» **YOUR GOAL**:
An exact copy of every entry is required, minus the pictures.

※

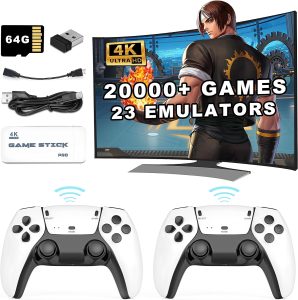 Wireless Retro Game Stick – 20000+ Games, HD Output System Built in 23 Emulators Plug and Play Video Game Consoles with 2.4G Wireless Controllers,64GB TF Card – Suitable for gifting Gamers of All Ages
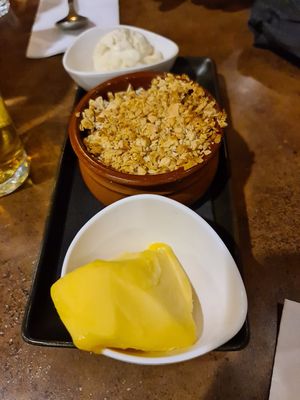Apple and Rhubarb crumble with sorbet for Vegan at The Duke in Hobart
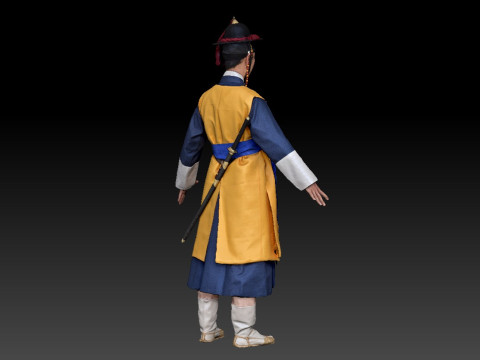 Korean Royal Procession dress hanbok Costume collection 10 Modello 3D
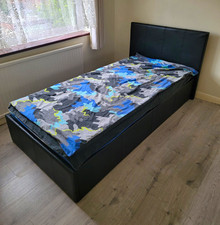 Black Faux Leather Single Ottoman Lift-Up Storage Bed Frame Slatted Headboard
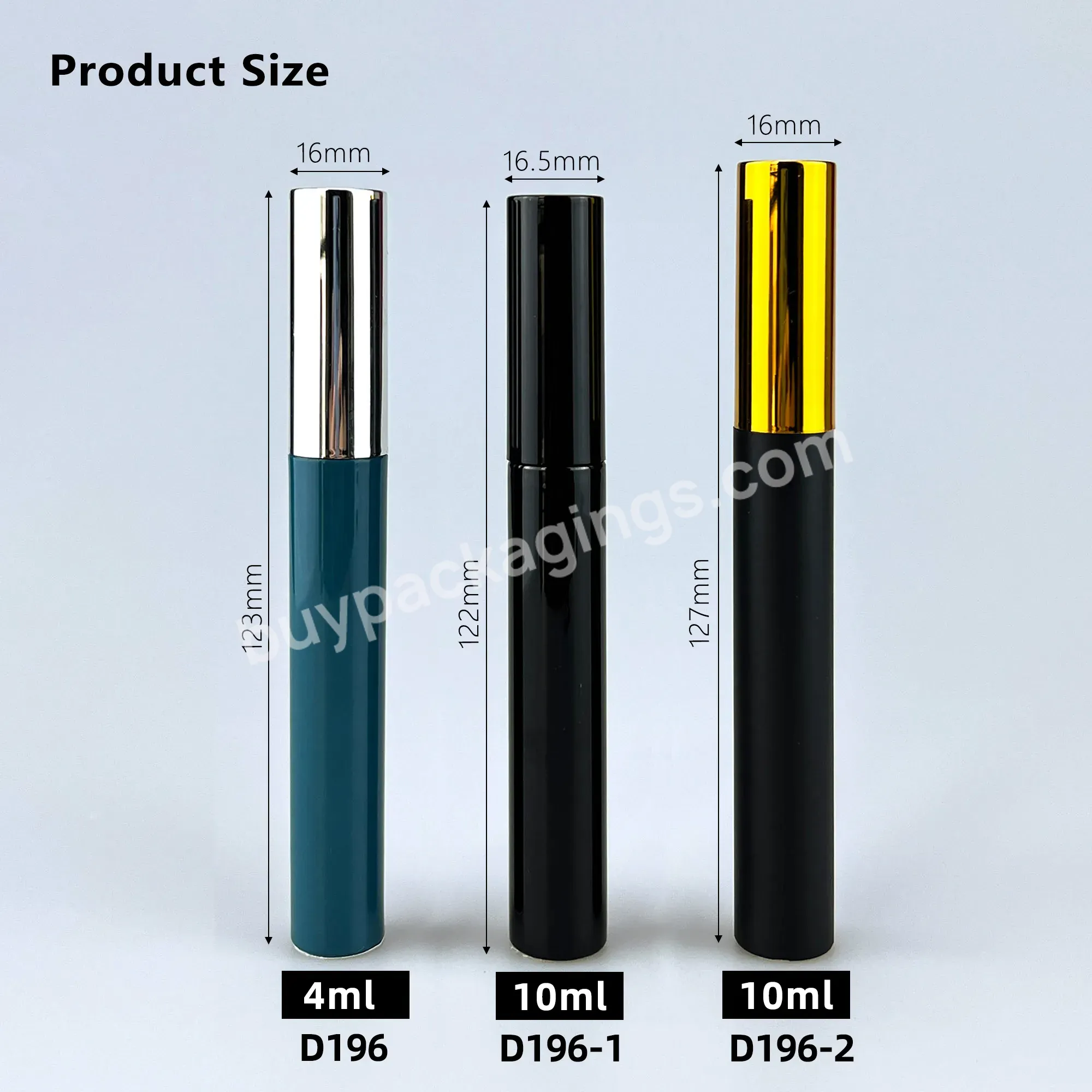 Wholesale Black Color Empty 10ml Round Mascara Bottle Wholesale Plastic Makeup Mascara Tube Container With Gold Lids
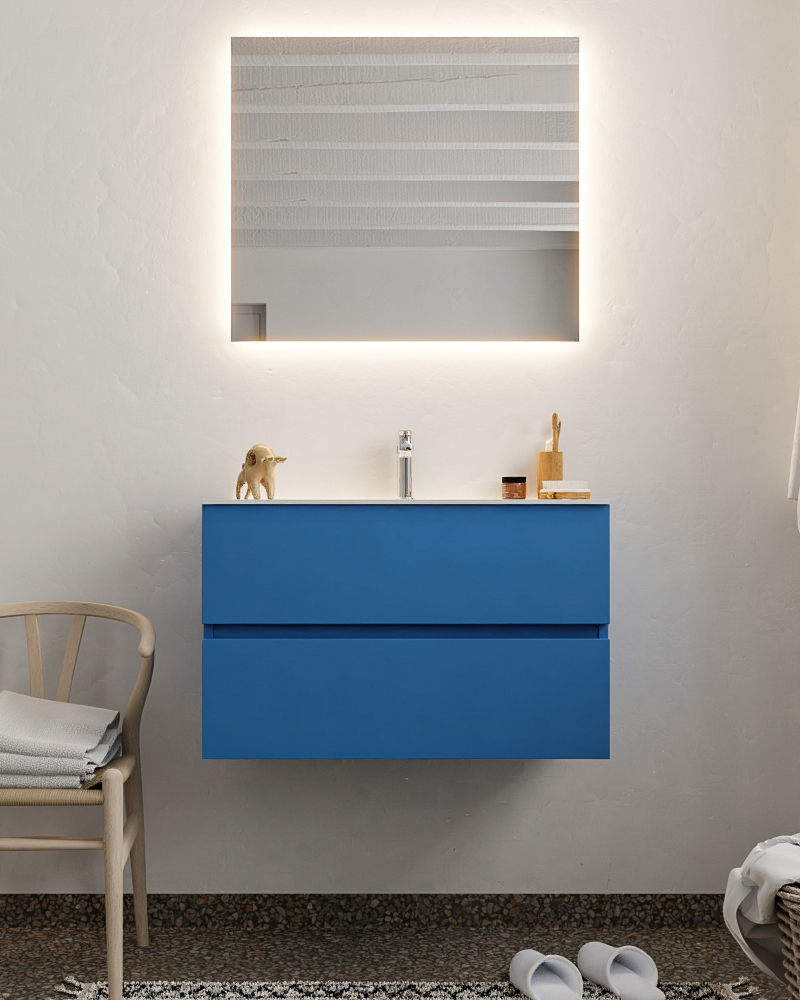 MONDIAZ VICA 80cm mueble de baño Jeans 2 cajones lavabo CLOUD Centro 1 orificio con espejo LED. 3 MONDIAZ VICA 80cm mueble de baño Jeans 2 cajones lavabo CLOUD Centro 1 orificio con espejo LED. - Imagen 3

※

» **RESPONSE FOR THIS EXERCISE**:
 Wireless Retro Game Stick – 20000+ Games, HD Output System Built in 23 Emulators Plug and Play Video Game Consoles with 2.4G Wireless Controllers,64GB TF Card – Suitable for gifting Gamers of All Ages
Apple and Rhubarb crumble with sorbet for Vegan at The Duke in Hobart
 Korean Royal Procession dress hanbok Costume collection 10 Modello 3D
 Black Faux Leather Single Ottoman Lift-Up Storage Bed Frame Slatted Headboard
 Wholesale Black Color Empty 10ml Round Mascara Bottle Wholesale Plastic Makeup Mascara Tube Container With Gold Lids
 MONDIAZ VICA 80cm mueble de baño Jeans 2 cajones lavabo CLOUD Centro 1 orificio con espejo LED. 3 MONDIAZ VICA 80cm mueble de baño Jeans 2 cajones lavabo CLOUD Centro 1 orificio con espejo LED. - Imagen 3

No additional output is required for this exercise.